August 9, 2007 - Rangiroa

Our first morning anchored in the southeast corner of the lagoon I woke with a start. It took me a minute to figure out what had woken me up. Nothing. The boat wasn't rocking. The halyards weren't making any noise against the mast. The dinghy painter wasn't slapping on the water. My pre-coffee brain slowly absorbed these environmental clues and quickly shot back questions. Why weren't we moving? Why was it so quiet? Were we on shore? I stood up to stick my head out of the hatch over our bunk and look around. The water was a mirror. The was no wind. No wind means no wind chop in the water. No chop equals no movement. No movement equals no noise. It was the quietest moment we've had on board in months.
Living this close to nature, in all of its wonder and capriciousness, the weather has a tremendous effect on our experience of a place. It took a while for us to make the connection, but we've finally become savvy enough to ask other cruisers what their weather was like before we make travel plans based on their reviews of a destination. Based on our first two days here, during which the wind was light and the sun constant, I would encourage every cruiser coming through the Tuamotus to check out this anchorage. It is stunningly beautiful. But if we hadn't had those two days before the high winds, clouds and squalls set in, I wouldn't be recommending the spot.
Can you see the stingray in the picture below?
One of the dozens of motus that surround this anchorage.

Unlike Apataki and Ahe, where the beaches were coral rubble, the beaches here are pink sand, giving the spot the name Les Sables Roses. The first two days that we were here the wind chop and swell that turns the coral into pink sand had subsided, and the water, although cloudy from all the particles suspended in it, was still clear enough to snorkel. We came across a drop off near our boat that had multitudes of large fish swimming about. It was a happy hunting ground for my spearfisherman. After the wind picked up, the visibility in the water was so reduced that we couldn't find that drop off again, despite two attempts.

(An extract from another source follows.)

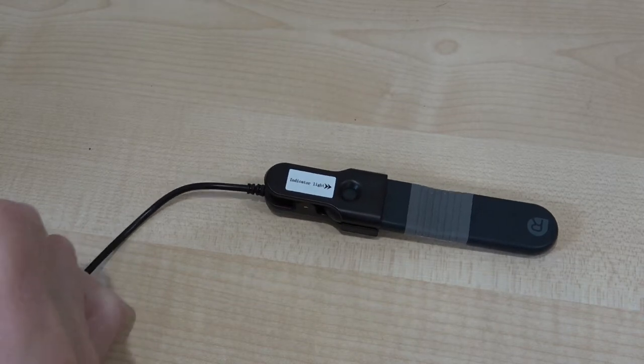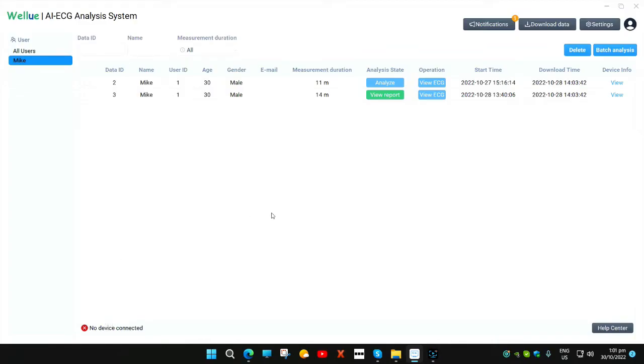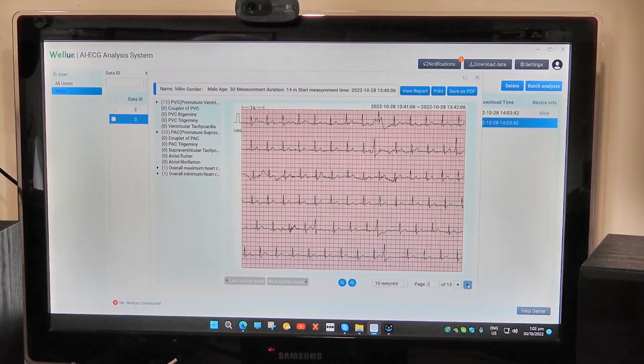We plug this into the USB power — in this case your computer — so it will do charging and also transfer the data. This is the screen you're presented with. You go to where it says 'download data', click on that, and this is what pops up. We're going to look at this report — I've clicked on that one and selected 'view ECG'. This top entry was just one where I was testing the software and is meaningless at this stage. This is the very first page where I was messing about with it, so generally the first page you can ignore.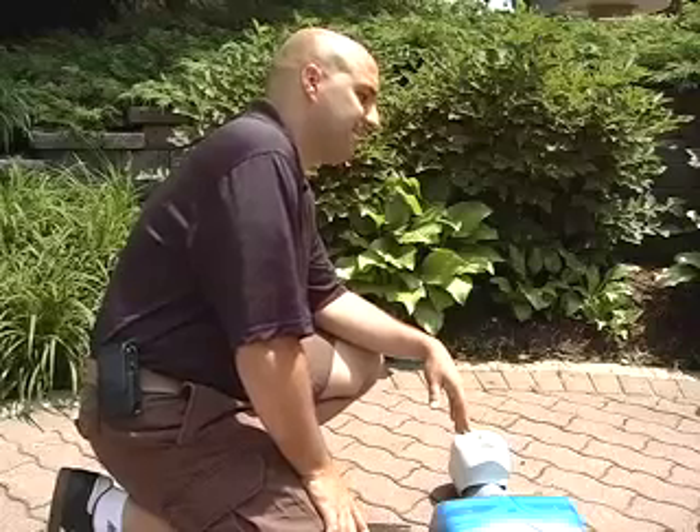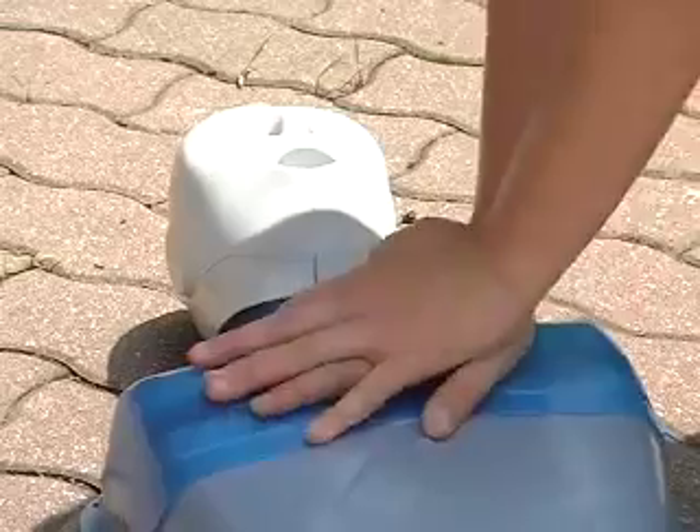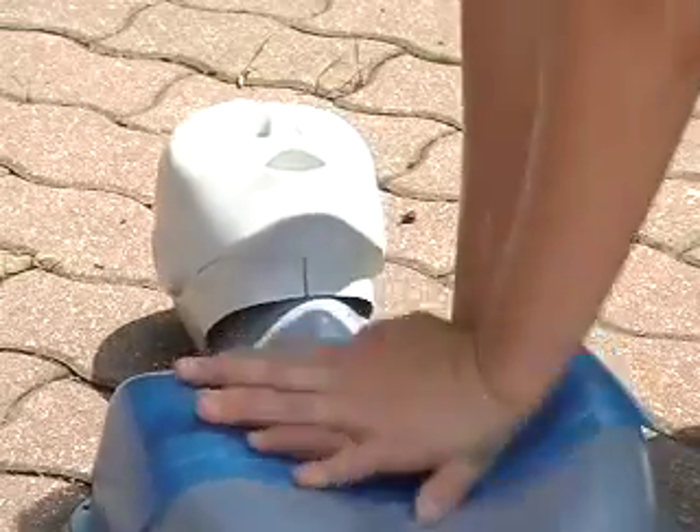So far, Clash has received positive feedback about his invention. Other CPR instructors say at first glance the idea works, but in the end it will be up to the user. Anything we can do to get them to do it the right way is the most important thing, and it seems like his method is one way that's going to accomplish that.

When we first dropped anchor off of Sables Roses, Sten announced that this was the kind of spot that he could spend a month in. But two days after the weather turned, with the windward side of the reefs explored and our snorkeling options exhausted, we were both ready to move on. During the past few days we had seen several boats approach our anchorage and turn back, presumably deterred by the coral fields that we had navigated on our way in. With a break in the clouds around noon today, we upped anchor to motor to a motu off of which we had seen several of those boats anchor. I could understand why they turned back. It was so much harder to read the water on a windy, cloudy day, with surface chop and small clouds casting shadows that looked a bit like submerged coral heads. We're hoping that the weather calms down again so that we can have a few more amazing days here before moving on to Tahiti.